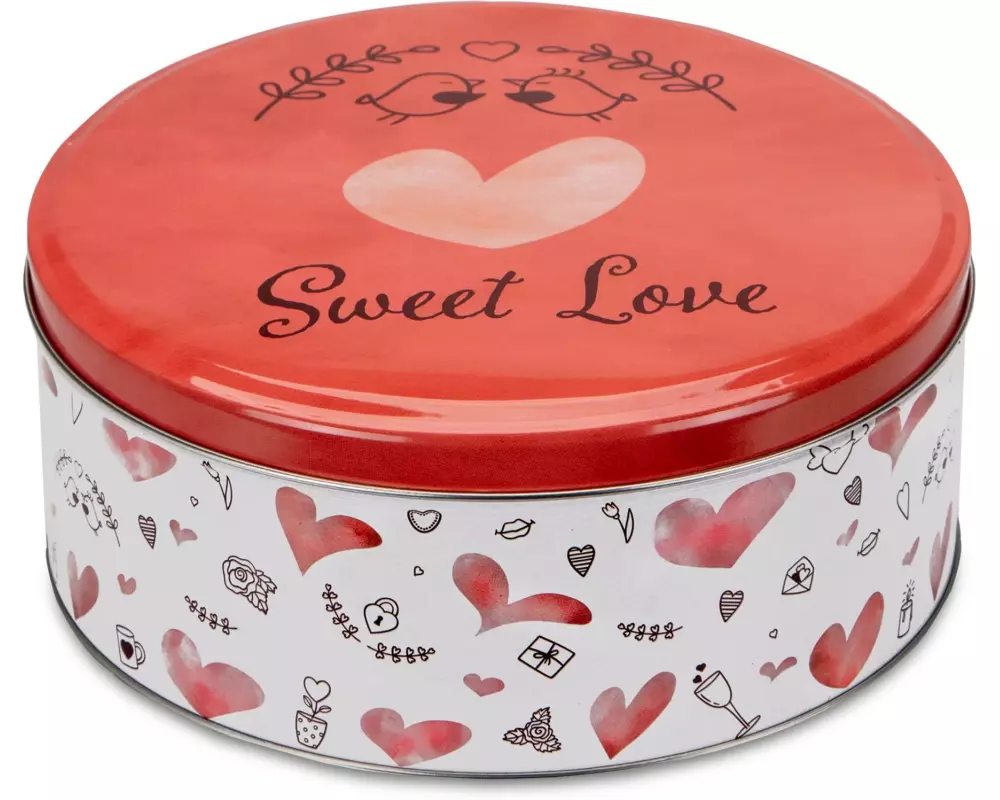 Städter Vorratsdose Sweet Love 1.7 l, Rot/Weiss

::::

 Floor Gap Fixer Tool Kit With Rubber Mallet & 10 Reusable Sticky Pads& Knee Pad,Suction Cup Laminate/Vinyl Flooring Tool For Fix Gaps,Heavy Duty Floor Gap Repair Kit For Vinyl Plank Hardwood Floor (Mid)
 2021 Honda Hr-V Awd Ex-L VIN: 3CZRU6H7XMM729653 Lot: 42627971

::::

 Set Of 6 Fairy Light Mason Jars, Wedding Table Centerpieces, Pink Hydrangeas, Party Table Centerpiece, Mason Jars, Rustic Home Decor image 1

::::

> [Task objective]: Look back at the entries above. Retype the line with "Floor Gap Fixer", the line with "2021 Honda Hr-V", and all lines in between.

> [Worked solution]:
 Floor Gap Fixer Tool Kit With Rubber Mallet & 10 Reusable Sticky Pads& Knee Pad,Suction Cup Laminate/Vinyl Flooring Tool For Fix Gaps,Heavy Duty Floor Gap Repair Kit For Vinyl Plank Hardwood Floor (Mid)
 2021 Honda Hr-V Awd Ex-L VIN: 3CZRU6H7XMM729653 Lot: 42627971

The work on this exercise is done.